A guaranteed income: why the Swiss said no
The prospect of getting money for nothing did not prove attractive to the Swiss on Sunday as the vast majority voted against the introduction of an unconditional basic income (UBI).
Why? The vagueness of the proposal, a lack of detail over its financing and fear of the unknown were among the reasons reported in the press on Monday.
The idea of receiving a guaranteed monthly income of 2,500 francs, even if you don’t work, may seem a utopia to many.
But in a country where “economic realism is a cardinal virtue”, according to L’Hebdo, its rejection is not so surprising.
“Utopia did not convince,” said the magazine, reminding readers that the conservative Swiss have previously rejected proposals for more holiday, a minimum wage and limitations on the salaries of heads of companies.
The main error of yes campaigners was lack of clarity over how it would be financed, it said.
“The figure of 2,500 francs supposed to be the monthly allowance for each resident, far from arousing desire, posed the question: from whose pockets will it be sought?”
Speaking to the Tribune de Genève, PLR councillor Laurent Wehrli agreed.
“The project was masterfully vague and put the Swiss economy in danger. The people understood that,” he said.
For supporters of a UBI, the principle was, as expected, simply too large for voters to swallow at this point in time.
“Citizens are scared of the implications and the unknown factors implementing it could bring,” Lisa Mazzone of the Green party – the only major party to support the initiative – told the Tribune.
Speaking to The Local , Gabriel Barta of the Basic Income Earth Network (BIEN) in Switzerland said: “The conservative Swiss could not accept such a thoroughgoing societal change when, in a country whose prosperity has not yet visibly deteriorated, they did not understand the necessity for it.
“While we cannot guarantee that society will not be turned upside down, the necessity for a UBI will become evident with time. It took four popular votes and 50 years to approve the AVS (old-age pension).”
As for the government, the defeat of the UBI was a vote of confidence for the current welfare system.
Announcing the results in a press conference the Swiss minister for home affairs, Alain Berset, said: “The results show that the public are happy with the social system we have in place, that the system works well, that we should continue to develop it.... collectivism helps and supports those who need it.”

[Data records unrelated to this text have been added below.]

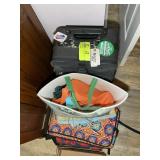 GROUP OF LUGGAGE AND TOTE BAGS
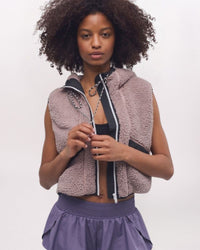 SKY HIGH FLEECE VEST, SMOKY PLUM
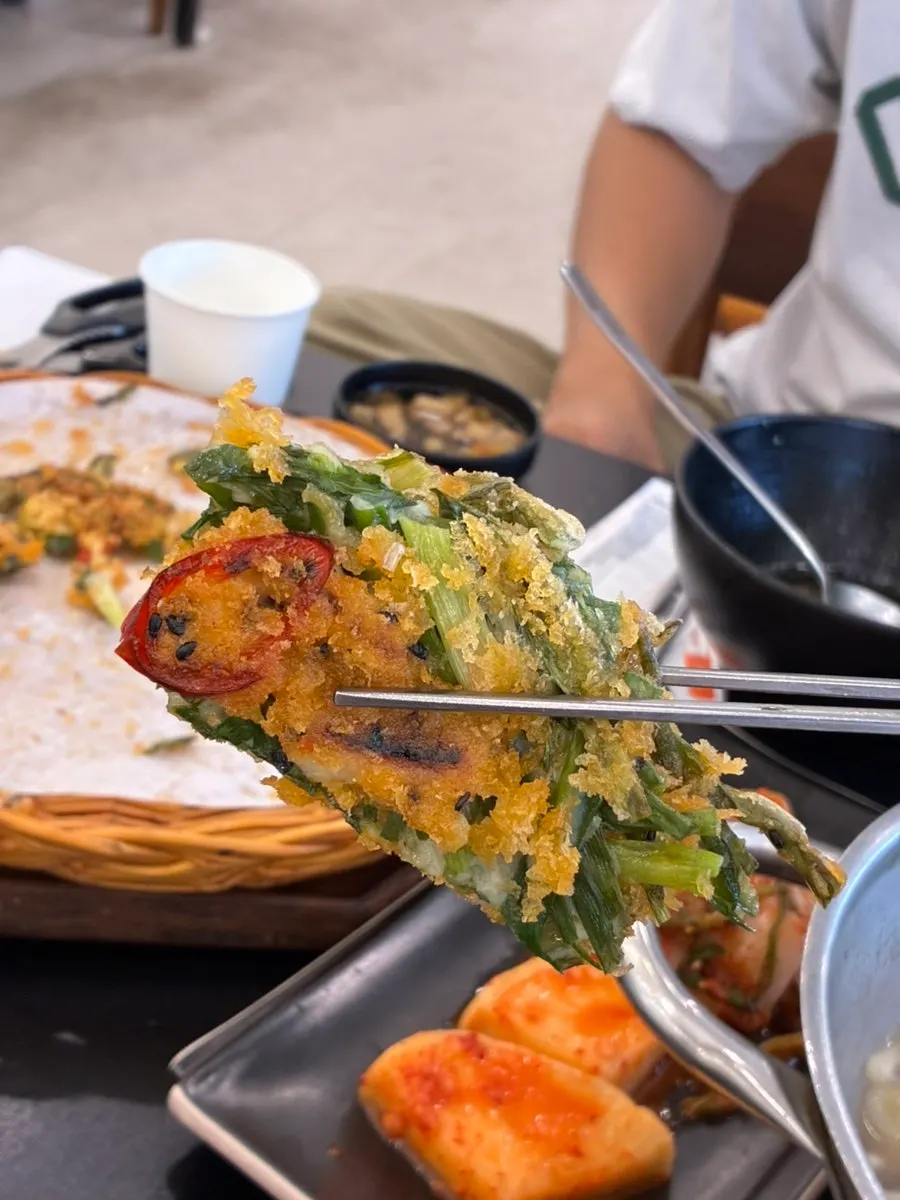 새우와 오징어가 든 빠싹 해물파전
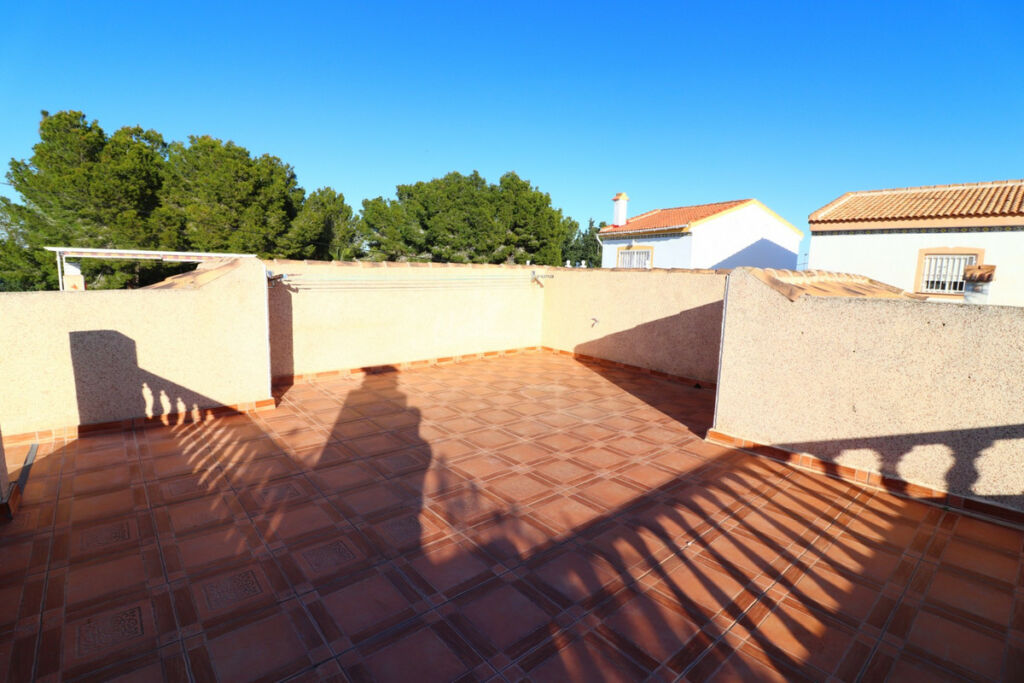 Detached Villa Montemar Alicante - image 18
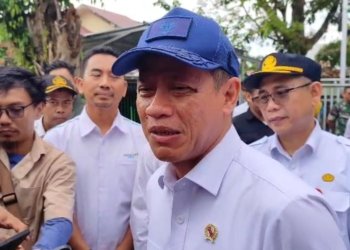 Menteri LHK Tinjau Bank Sampah Sekumpul dan TPA Cahaya Kencana: Target Nasional Kelola Sampah 100% di 2029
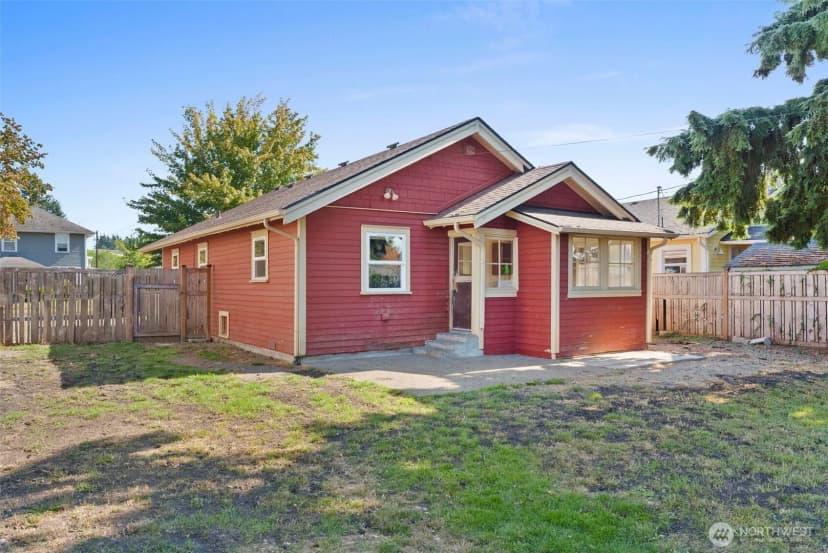 Property photo for 807 S Pearl Street, Centralia photo 23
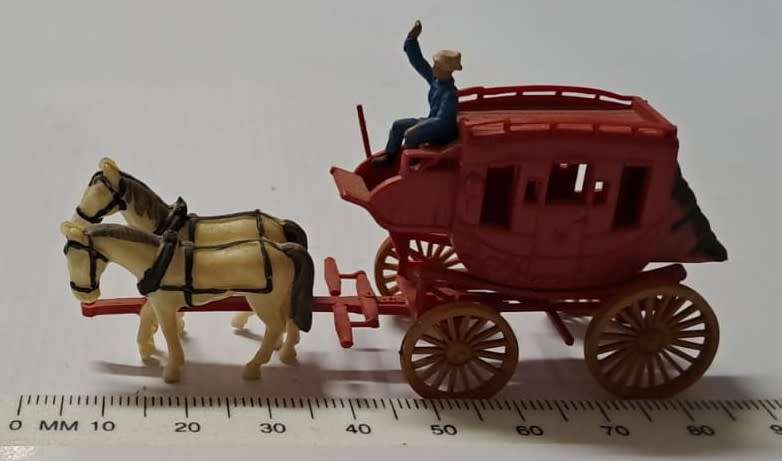 Model Trains HO - Old plastic 2 x horses 1 x figure & carriage.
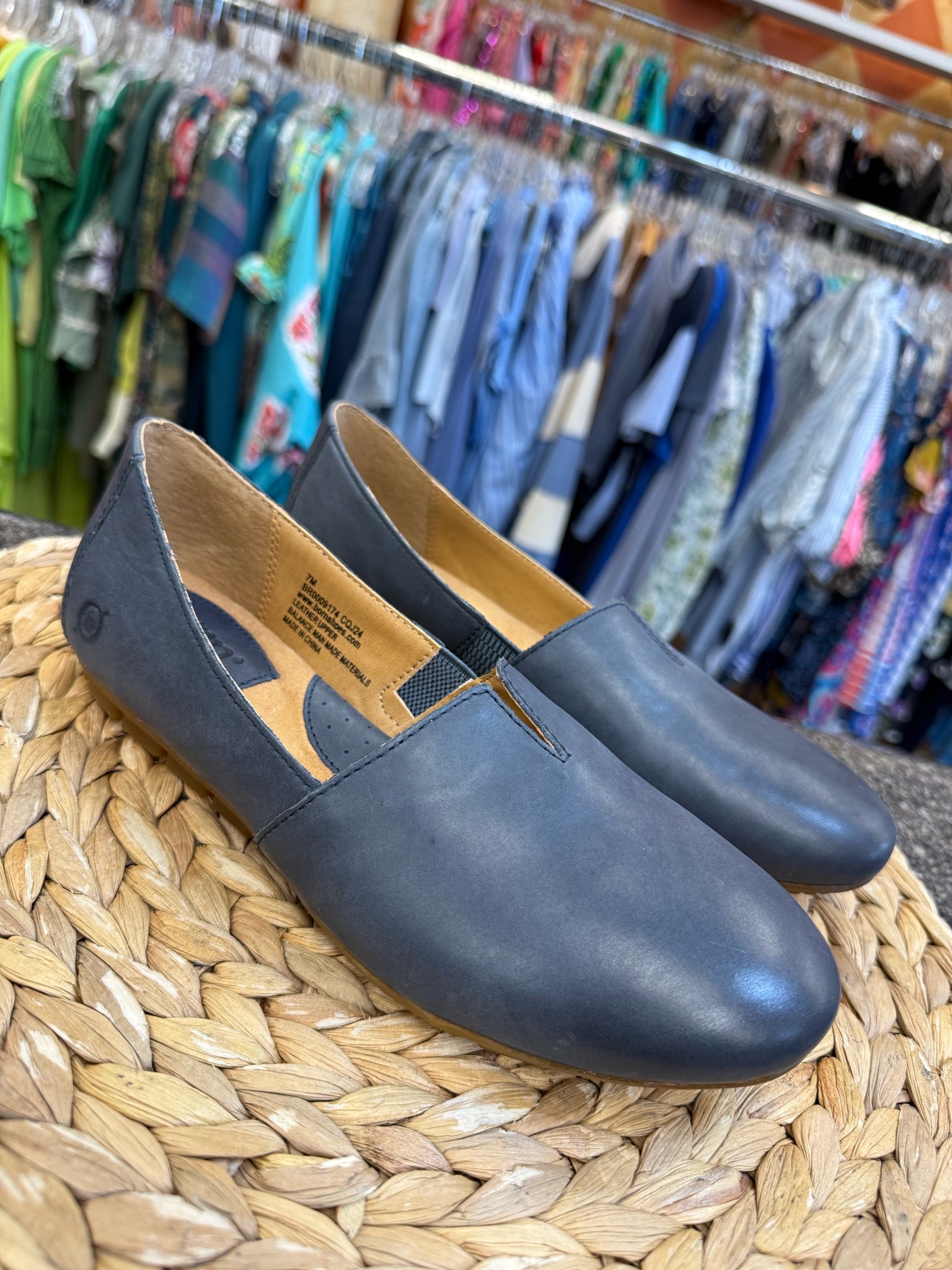 Pre-owned BORN Navy Size 7 Shoe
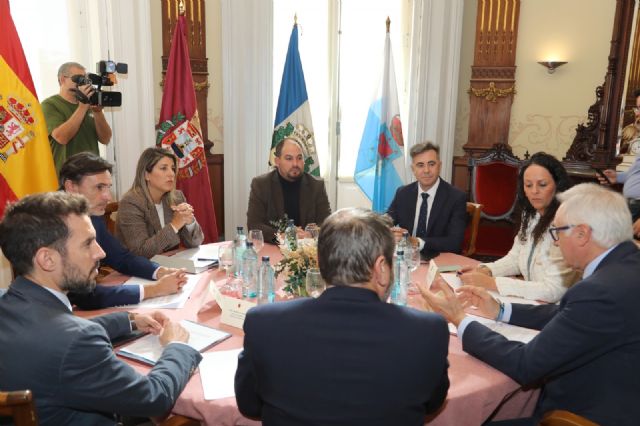 El Gobierno regional ultima el protocolo para la modernización y ampliación del FEVE - 1, Foto 1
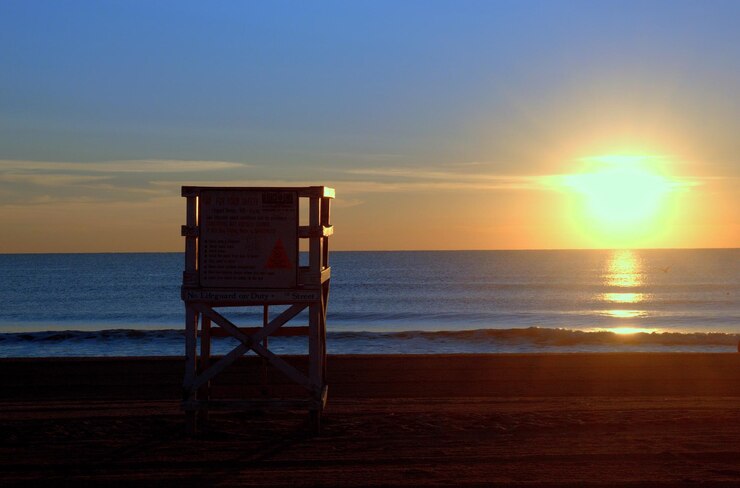 Foto een schilderachtig uitzicht op het strand bij zonsondergang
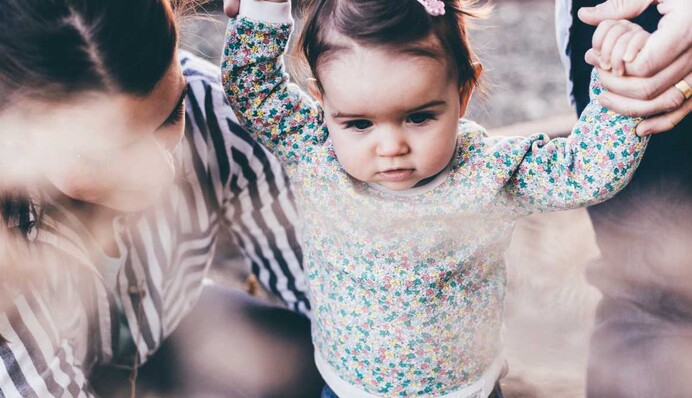 Хто має право вивезти дитину за кордон під час війни: список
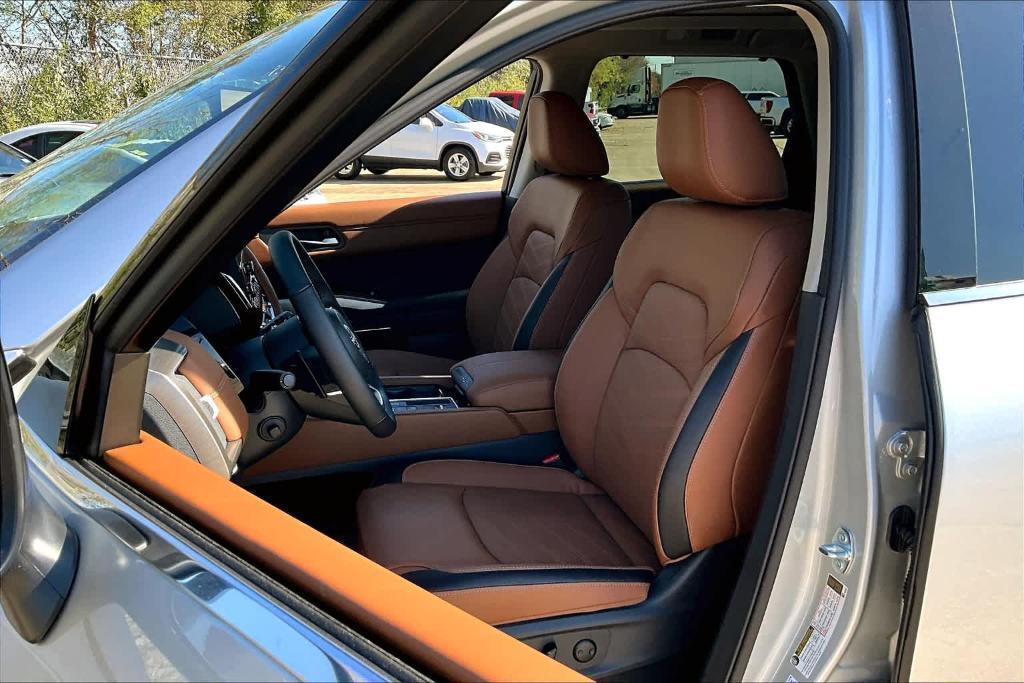 new 2025 Nissan Pathfinder car, priced at $51,655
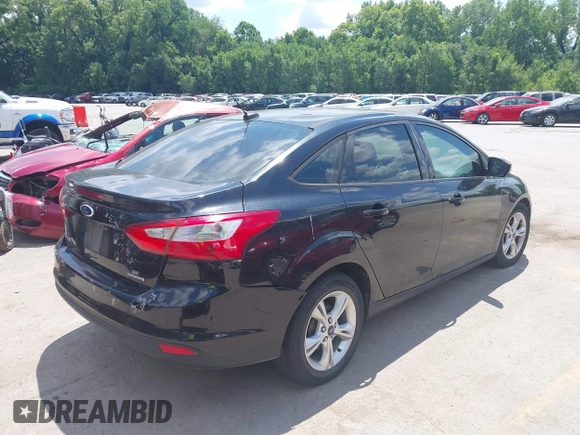 2013 Ford Focus SE z VIN 1FADP3F25DL262680, wystawiony jako IAAI lot #42682392 z przebiegiem 198 878 mil mil oraz . Historia ofert i sprzedaży dostępna na DreamBid. Obrazek 4.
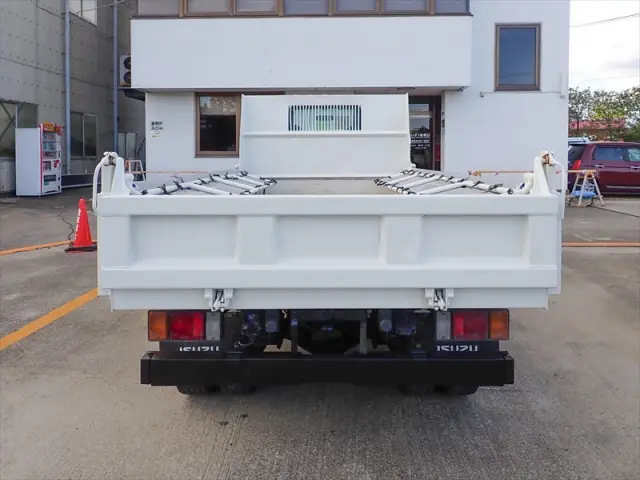 いすゞ エルフ TKG-NJR85AD(2WD)の写真5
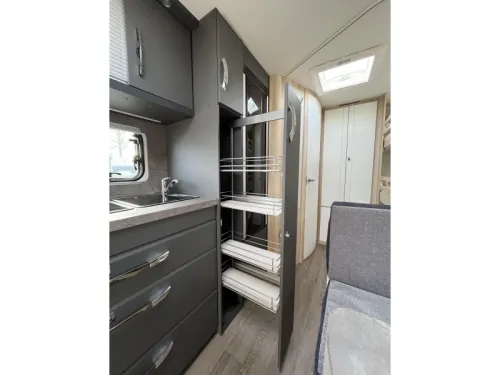 Hobby De Luxe 545 KMF sfeer-3bed-c6e-vloerv-etc  Foto: 8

Despite being rejected by 76.9 percent of the voting public overall, the UBI did garner pockets of support.
Among them, two communes in the Jura voted in favour of the initiative, as did 54.6 percent of voters in the Pâquis area of Geneva, said the Tribune.
At cantonal level the cantons of Basel-Ville and the Jura achieved the highest levels of support, with around 36 percent voting in favour. Over 30 percent of voters in Geneva and Neuchâtel also voted for a UBI.
“The rejection was expected, even if I was hoping for 40 percent overall,” BIEN's Barta told The Local.
“The main result is there, however: everyone now knows of a potential solution to problems whose seriousness is generally recognized.
“The passionate discussions generated by a proposal with absolutely no institutions or organizations behind it, and the fact that one voter in four is already in favour, will ensure that it stays near the top of the priority list.”
Indeed, despite the large overall rejection, there’s no doubt that the vote provoked a discussion on the subject that is unlikely to go away.
The commune of Lausanne has already agreed to launch a study about the feasibility of implementing a UBI in the city, and other regions could follow suit.
“Everyone feels that the traditional state welfare model has limits,” wrote L’Hebdo. “And even if it remains solid and well managed in Switzerland, the subject is likely to be re-examined more and more.”
The results of our own poll, conducted on Friday, were much closer, with 49 percent of readers rejecting the idea of a UBI against 46 percent approving it.